2. Description of the Related Art
Disk storage systems such as a magnetic disk system are used as an external storage system in a computer system. A host computer accesses such a disk storage system with a logical volume name that an OS (Operating System) recognizes. Logical volumes are allocated in a disk storage system.
If one set of individual logical volumes is allocated in such a disk storage system, when a physical disk unit where some of the logical volumes are located fails, those logical volumes cannot be used any more.
To prevent this problem, a RAID apparatus has been proposed. A RAID apparatus has a plurality of same logical volumes allocated on different disk units. When one disk unit fails, another disk unit where the same logical volume of interest is allocated is used. This system can prevent the occurrence of an event that any logical volume becomes unusable due to failure of the associated disk unit.
FIG. 8 is an explanatory diagram of prior art.
As shown in FIG. 8, a RAID apparatus comprises a plurality of magnetic disk units 91-1 to 91-4 and a disk controller 90 which controls those disk units. FIG. 8 shows the RAID apparatus with a mirror structure which includes four magnetic disk units 91-1 to 91-4.
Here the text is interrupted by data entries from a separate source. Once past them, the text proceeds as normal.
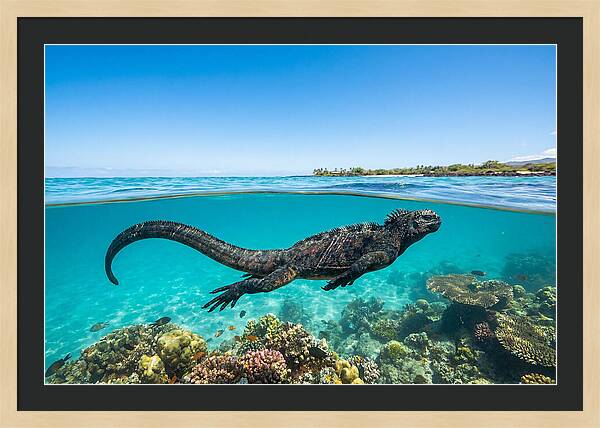 Marine Iguana Swimming Gracefully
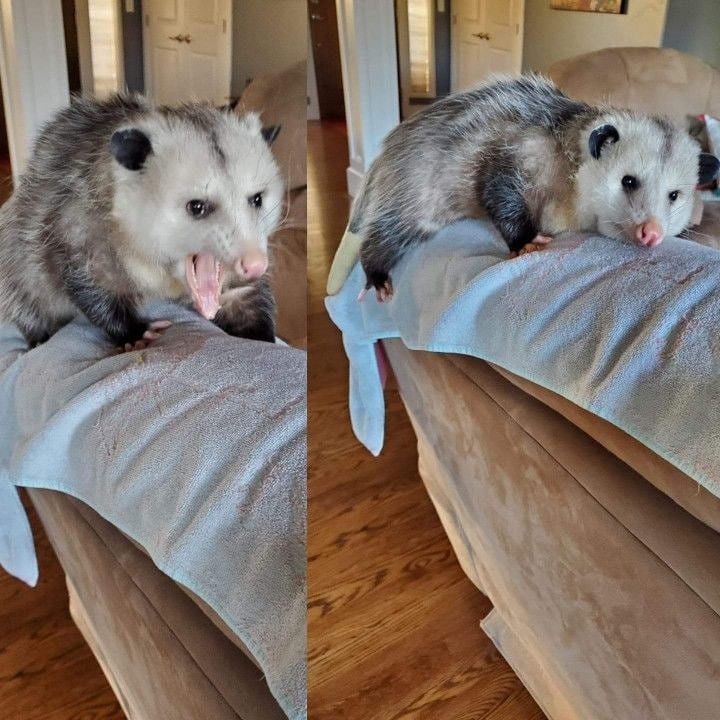 Me when the 『 E M O T I O N S 』 are too much to handle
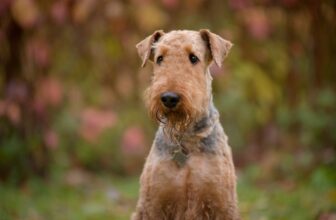 10 Dogs Similar to Airedale Terriers (With Pictures)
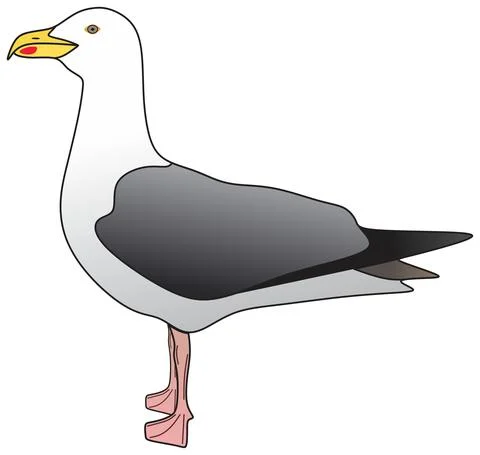 Seagull bird animal vector drawing standing side view on isolated background Stock Illustration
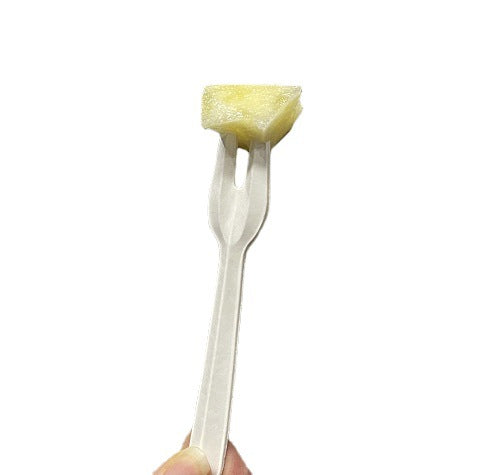 Compostable Sugarcane Fork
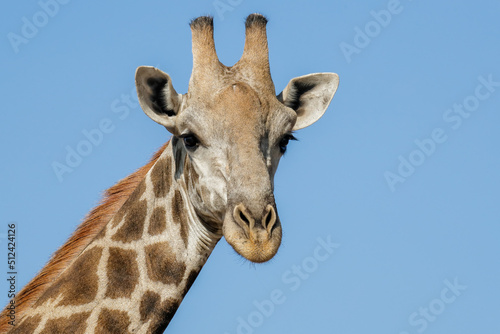 Fototapeta Naklejka Na Ścianę i Meble -  Head of Giraffe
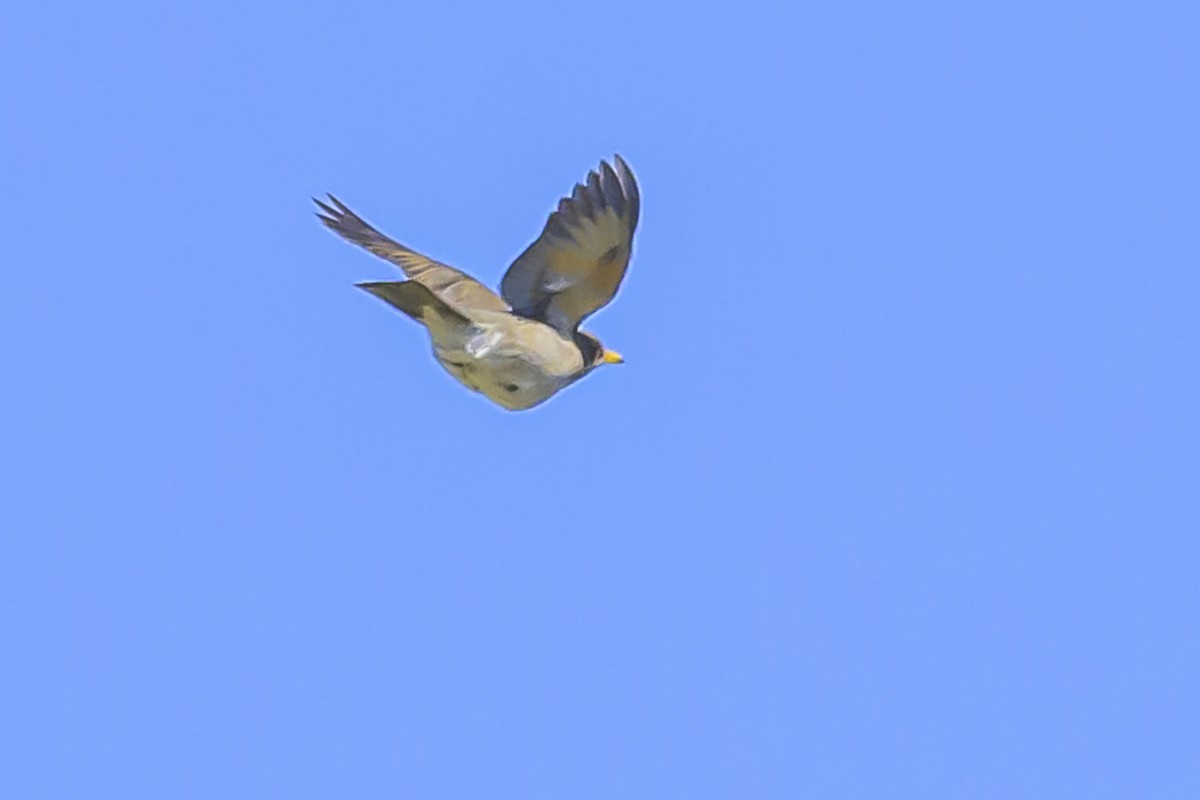 Creamy-bellied Thrush - ML623944047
A logical volume LM0 is allocated on the magnetic disk unit 91-1. The same logical volume LM0 as located on the magnetic-disk unit 91-1 is allocated on the magnetic disk unit 91-2. A logical volume LM1 is allocated on the magnetic disk unit 91-3. The same logical volume LM1 as located on the magnetic disk unit 91-3 is allocated on the magnetic disk unit 91-4.
Even if the magnetic disk unit 91-1 fails, the logical volume LM0 can be accessed by using the magnetic disk unit 91-2. Even if the magnetic disk unit 91-3 fails, likewise, the logical volume LM1 can be accessed by using the magnetic disk unit 91-4.
When a plurality of logical volumes are set in one physical disk unit, however, a high-rank apparatus, such as a host computer, issues two or more access requests to the same physical volume. In such a case, since one physical disk unit cannot execute two operations at a time, the prior art scheme suffers the inherent problem that some access requests should wait.
The operation of the magnetic disk units takes a relatively longer time than the operation time of a high-rank apparatus. If some high-rank apparatus frequently issues an access request to the same logical volume, therefore, the number of access request that should wait increases. This increases the time from the issuance of an access request to the end of the requested operation, thus reducing the system access speed.